Question 583272: Find the whole number dimensions of a rectangle that has the given area and the least perimeter possible. 48 cm2 I want to know the best way to explain this to my 5th grader.
Answer by KMST(5328)   (Show Source):
You can put this solution on YOUR website! The length and width (measured in cm) are whole numbers.
When you multiply one times the other, the product is 48 (because that would be the area, 48 square centimeters).
Ask your 5th grader for pairs of numbers whose product is 48.
You could list them:
1 and 48
2 and 24
3 and 16
4 and 12
6 and 8
The perimeter would be two width plus two lengths. You can add a width and a length first, and then double the sum. (I like that way of calculating perimeters better, because I can do that in my head).
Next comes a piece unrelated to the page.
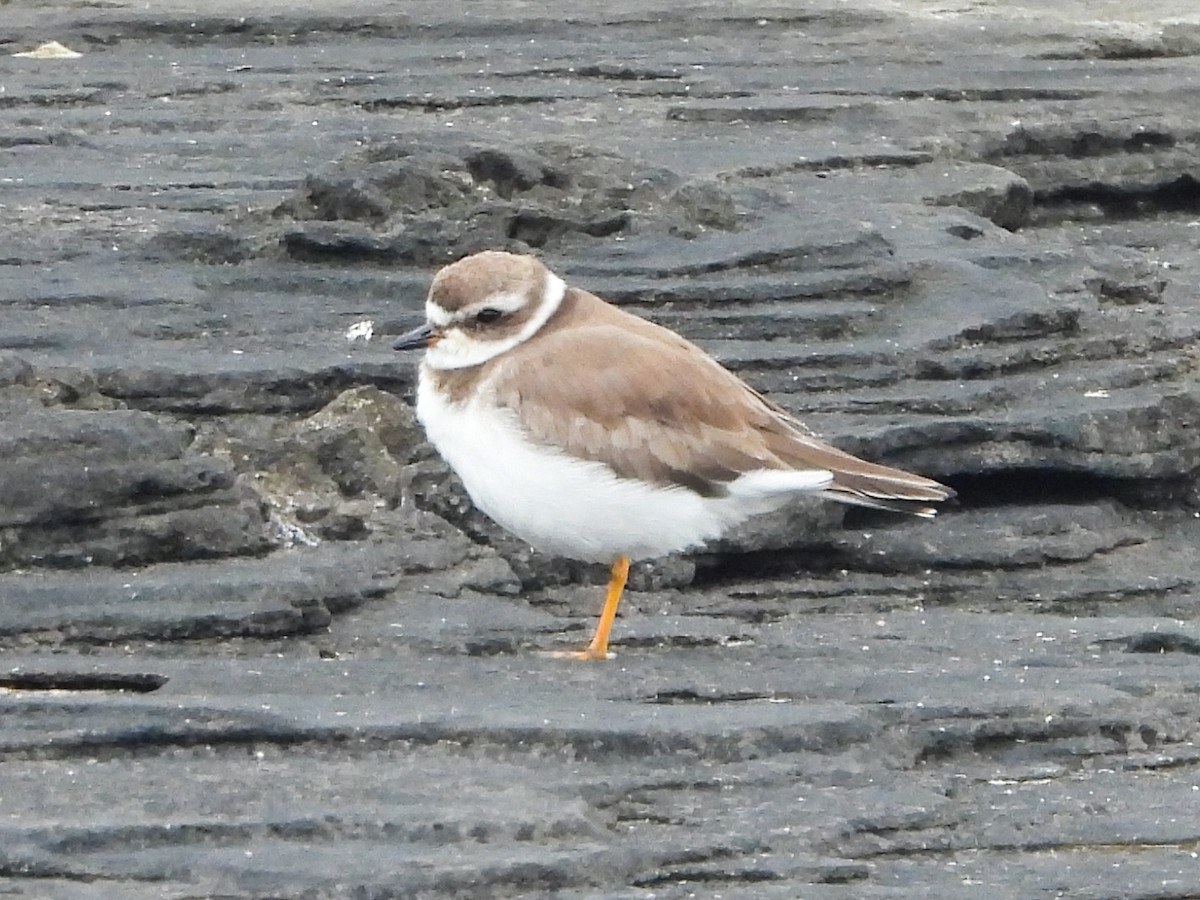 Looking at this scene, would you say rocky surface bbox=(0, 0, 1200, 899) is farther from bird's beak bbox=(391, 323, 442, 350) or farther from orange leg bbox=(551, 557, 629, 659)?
bird's beak bbox=(391, 323, 442, 350)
When you look at the pairs above, you realize that 6+8=14 for a perimeter of 28 cm is the smallest sum. The rectangle is 6 cm wide and 8 cm long.
Let your fifth grader calculate all he/she wants, until convinced of the answer.
NOTES:
The largest area for a given perimeter, or the shortest perimeter for a given area means a circle. Because round pens or garden enclosures are not practical, we prefer rectangles. The best rectangle for cost of fencing is a square. In this case, because we wanted whole number measurements we end up with the "squarest" rectangle, the closest pair of factors.
This kind of problem, with no restrictions on the dimensions is used for algebra problems, and we could make it into calculus problems too.
|
|
|